The third problem for the government is that by privatizing SOEs government creates massive unemployment, since the state owned enterprises are overstaffed. With unemployment comes social unrest and hardship which any government must handle carefully. And finally with the influx of superior foreign goods, consumers in Hungary are able to purchase better quality goods then those produced by domestic industries. This creates even more problems and the vicious circle continues.

   Angresano believes that these problems stem from an inability of Hungary's authorities to come up with an economic reform package. He states that there is no effort in government but rather a "heterogeneous" approach in dealing with these problems, thus allowing intervention by interest groups to exploit the instability of the economic structure. Agresano does not believe that this has to be the end. He states that the government has a responsibility to create an atmosphere of faith, a "safety net" that the public can depend on. With public faith you can take the measures necessary to create economic reform policies, that will in the long run make Hungary prosperous but in the short run cause hardship. The people will stay behind the government.
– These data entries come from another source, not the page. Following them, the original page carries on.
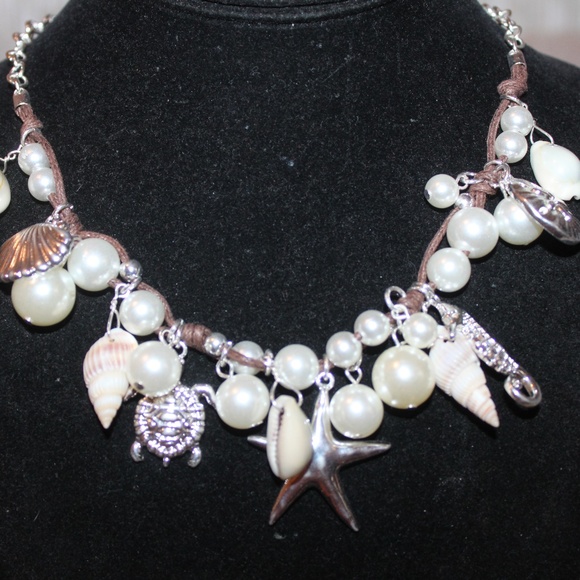 NWT Sea Life Charm Necklace, Turtle, Scallop Shell - Picture 2 of 4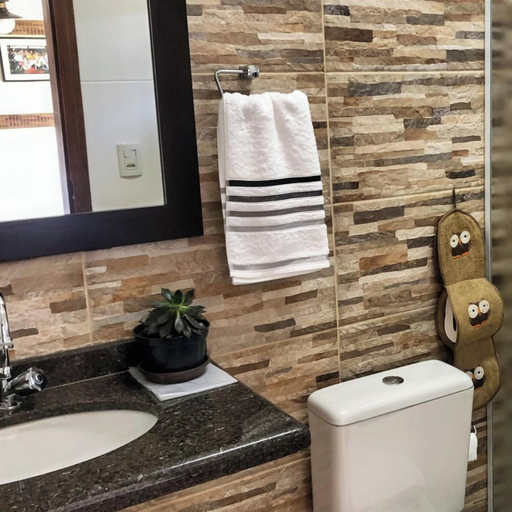 Bathroom, Sítio Aconchegante com Piscina e Wi-Fi, Quadra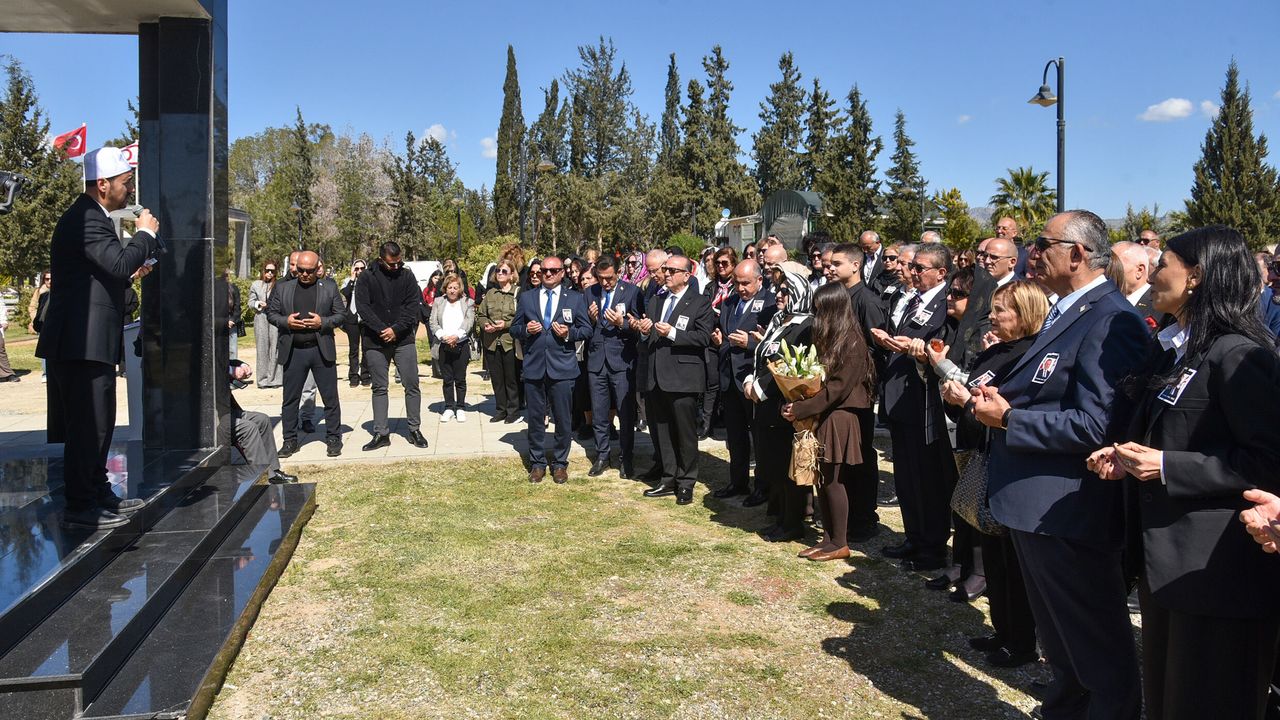 İrsen Küçük 7'nci ölüm yıl yönümde kabri başında anıldı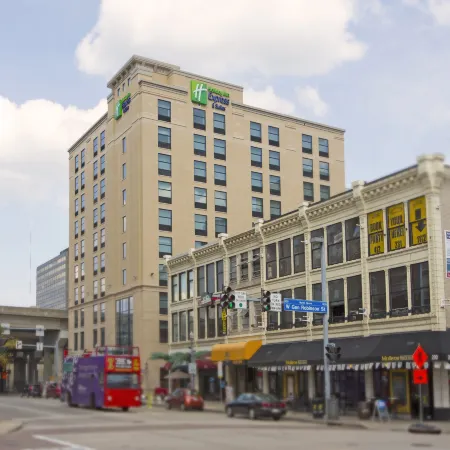 Holiday Inn Express & Suites PITTSBURGH NORTH SHORE by IHG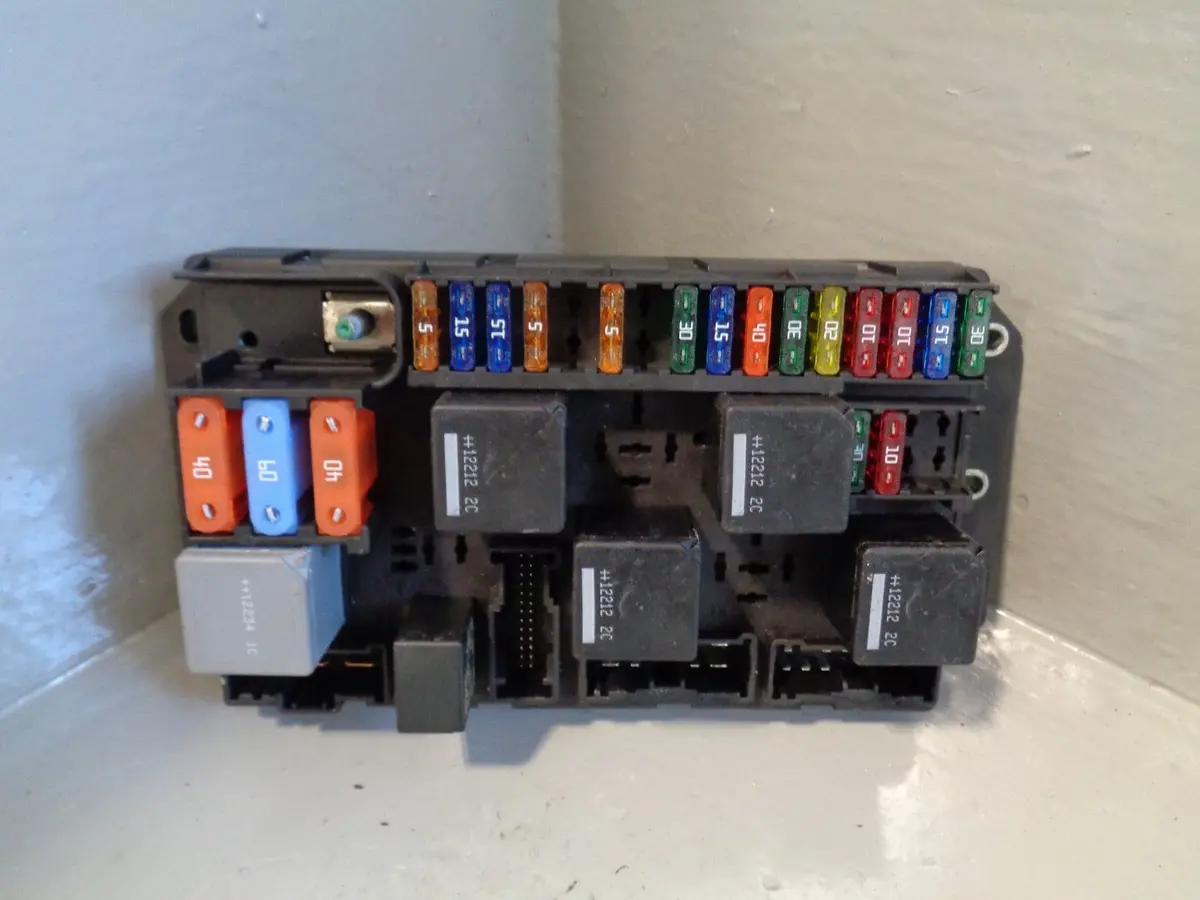 Range Rover L322 Fuse Box Rear Module Bh42-14N030-Aa 4.4 Tdv8 2010 To 2013 1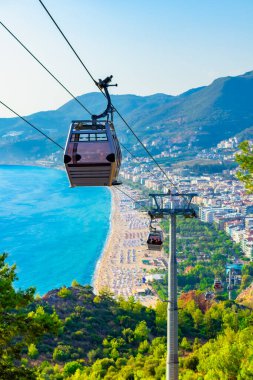 Sahilden Alanya şehrindeki dağın tepesine kadar telgraflı araç..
I believe that the author is correct in his evaluation of the problems in Hungary. He sees the hardship of the people but without any long-term goals the suffering will drag-on. Strong economic reform policies will give citizens hope in gaining stability and eventually prosperity but as of now the future is a large question mark, with few answers in sight. Even though this article was written in March 1992, these questions still linger in Hungary presently and no real end is near, obviously these ideas brought up by James Angresano are important in evaluating transformation in Hungary.

     The problems outlined in my response to James Angresano article, Political and Economic Obstacles Inhibiting Comprehensive Reform in Hungary can be seen in the figures relating to Hungary's economy. The first major point made by Agresano was the problem of inflation. Inflation since 1990 has consistently been in the mid twenties reaching a high in 1991 of 35%. This has caused constant decline in real wages resulting in 17% loss in real wages over the past 4 years. At the same time there has been a decline of production and unemployment has increased to a high of 669.800 people (12.9%) in 1993. In terms of exports and imports there has been a sharp decline to -24% last year with only minimal growth expected for this year and 1995. Imports have generally stayed the same though in 1992 there was a -7.6% decline. The current account of the balance of payments shows how poor this relationship is. In 1991 there was a positive balance of 267 million US$ but in 1993 there was a negative account balance of 2484 million US$.  

With all of these indicators pointing at a dismal next couple of years for Hungary Angresano views become even more important, since the transition path chosen by the Hungarian government obviously is hurting the Hungarian economy with no real end in sight.

 James Angresano : Report on the paper Political and Economic Obstacles Inhibiting Comprehensive Reform in Hungary ,East European Quarterly, March 1992.